Location>code7788 >text

FPGA CDC Multi-bit Cross Clock Domain Synchronization-Hand-Shanking Mechanism in One Article

Popularity:647 ℃/2024-11-16 16:27:27

I. Background
Cross-clock domain processing of data is a common problem during FPGA development and exists in two cases

    1. Slow clock to fast clock synchronization: just two beats in the fast clock domain.
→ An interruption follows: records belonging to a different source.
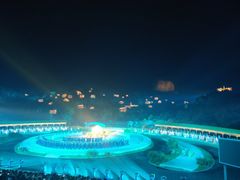 -鼎盛王朝康熙大典实景演出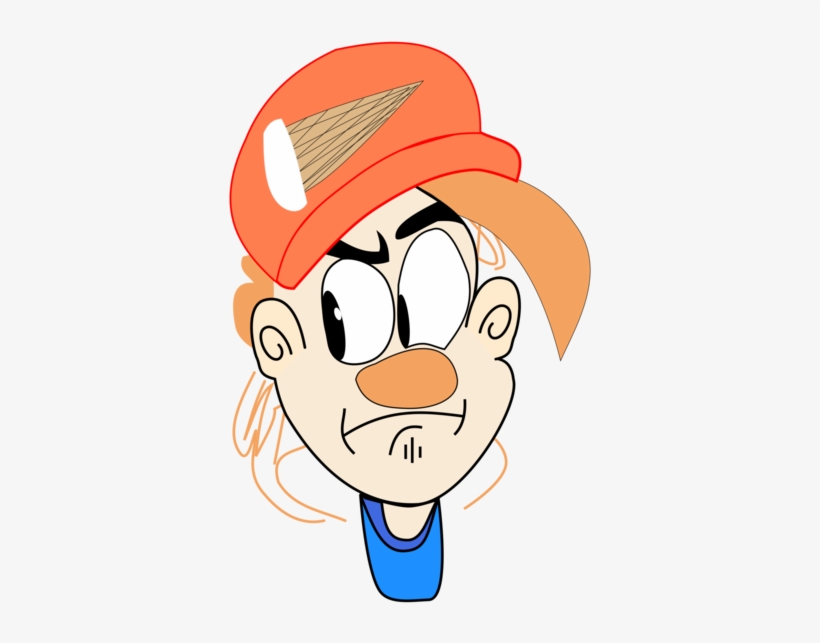 Bugs Bunny Clip Art Source - Drawing, transparent png #1164796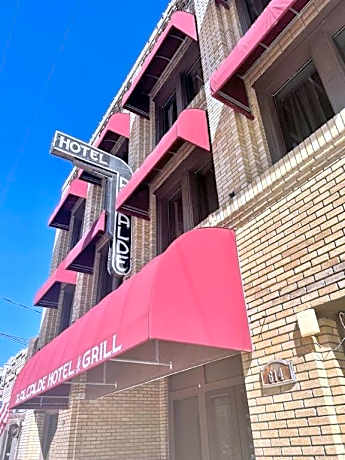 The Alcalde Hotel by OYO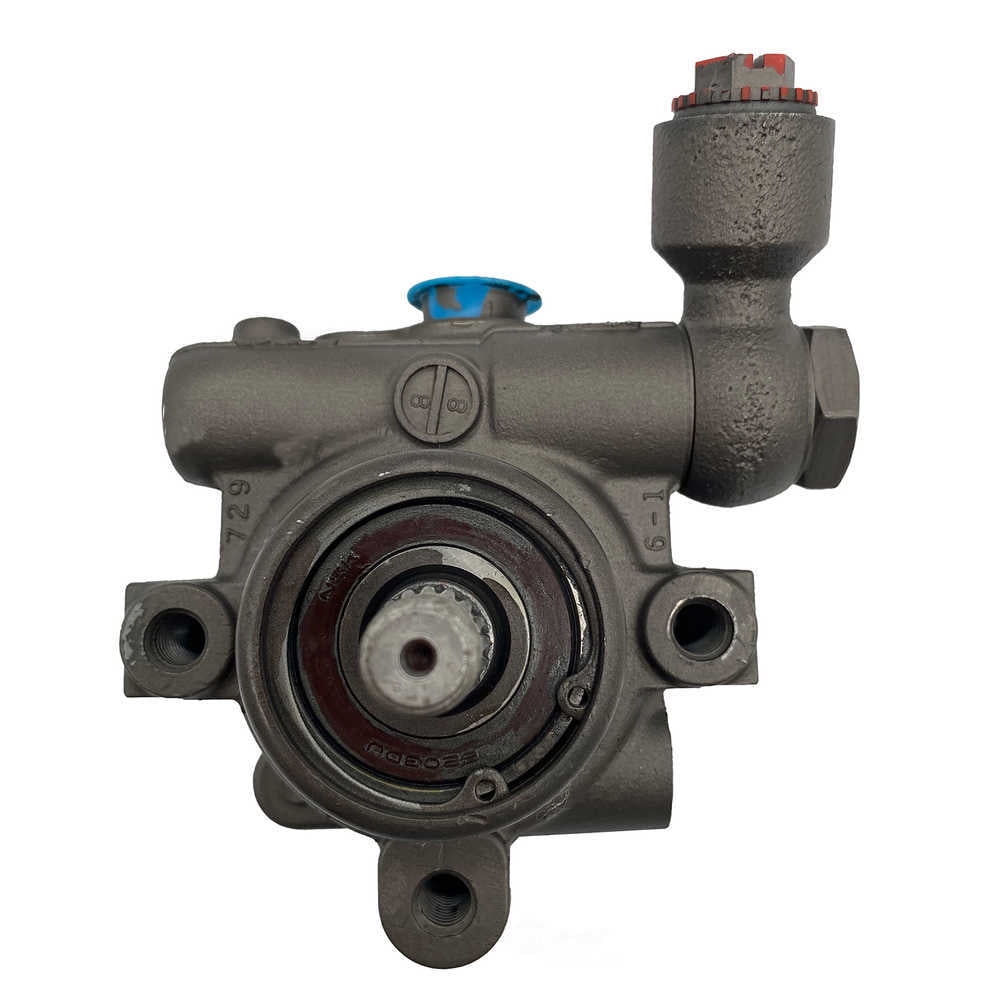 MAVAL 96582M Reman Power Steering Pump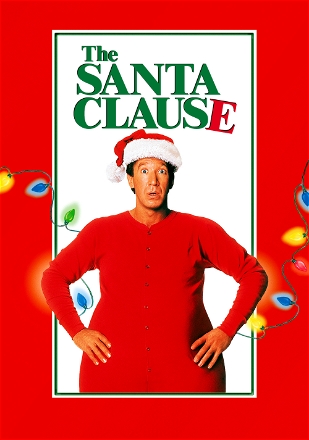Santa Clause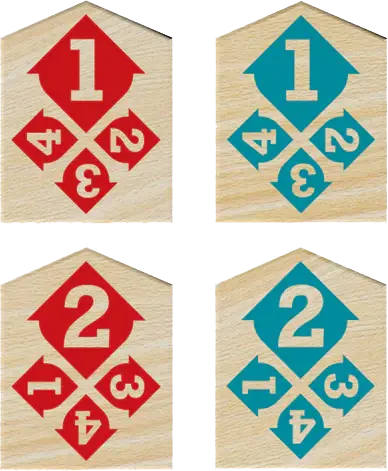 Joc de strategie - Zensu [3]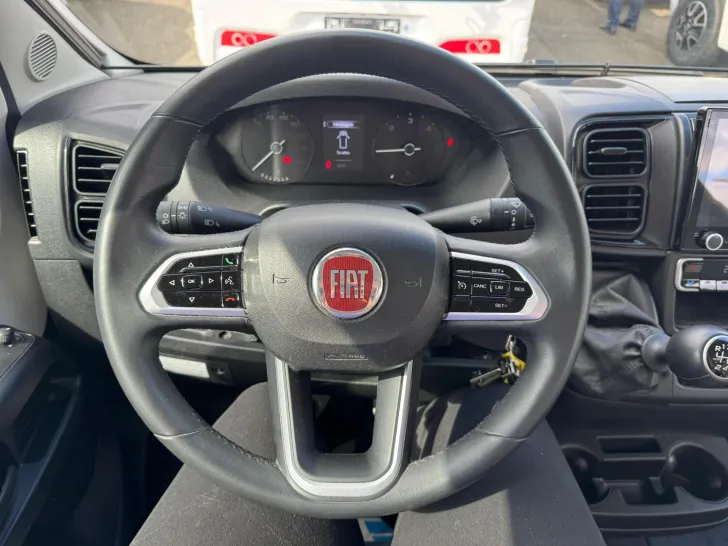 Fahrzeugbild VanTourer 600 D Prime /Lithium/Markise #11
The RTL is as follows:

    The principle of beat synchronization: everyone in the beginning of learning FPGA, often heard of FPGA signal beat can effectively avoid substability, and generally to play two beats, the essence of its mathematics is that if the probability of hitting a beat of the error is 1/1000, then the probability of hitting two beats of the error is 1/1,000,000, which is statistically significant from the infinite close to zero.
    From the point of view of the circuit itself, if the update frequency of a signal is not synchronized with the update frequency of the signals in the current clock domain, then any operation with the signals in the current clock domain may result in a burr or failure to meet the establishment or hold time of the lower register. Therefore, in order to ensure that the new introduction of this non-domain of the clock signal will not cause devastation to the clock domain, it must be synchronized, and the method is to use the current clock region of the clock to sample it. The two beat is to let the asynchronous signal beat two can let the asynchronous level signal to reach a more "robust" level interval, two avoid the establishment time, multi-level fan-out caused by the logic level instability of the situation. The following is excerpted from The FPGA Way:

"Why sample twice?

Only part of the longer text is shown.